Most of the 150 or so bench ends and panels in Milverton church are of abstract design, but around 30 are representational, covering a range of subjects from images of men and women to plants, a ship, and coats of arms. One of the most interesting can be found in the south aisle towards the west end of the Church and illustrates chapter 13; verse 23 of the Book of Numbers. This shows two men carrying an impossibly large bunch of Grapes.
“And they came unto the brook of Eshcol, and cut down from thence a branch with one cluster of grapes, and they bore it between two on a staff”.
The story is that Moses and the Tribes of Israel, after years of wandering, had sent men, one from each tribe, into Canaan to find out what sort of land it was, because it was promised to the Israelites. Their report to Moses was that it was a good land,
“It floweth with milk and honey”, and presumably two of the spies brought back the bunch of grapes to prove it. But there was one drawback – it was already occupied, and the cities were strongly walled. The majority report (10 out of 12) was that the cities could not be taken. The people murmured against Moses and Aaron (and God), grumbling that they would have been better to have stayed in Egypt. God became annoyed and sentenced them to 40 years further wandering.

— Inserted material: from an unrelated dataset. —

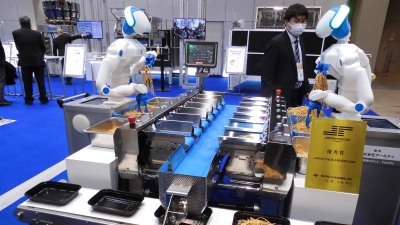 包装機械の横で“新たなピッキング”／JAPAN PACK2022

In the 15 Century, bibles were very rare, and generally held by the established church. Additionally, relatively few peoples were able to read. Hence the publication and distribution of the Biblia Pauperum, which was a kind of strip cartoon of sections of the Bible for those not able to read, about 90 pages long. One of the cartoons covered this story, and our bench end bears close similarity to the cartoon.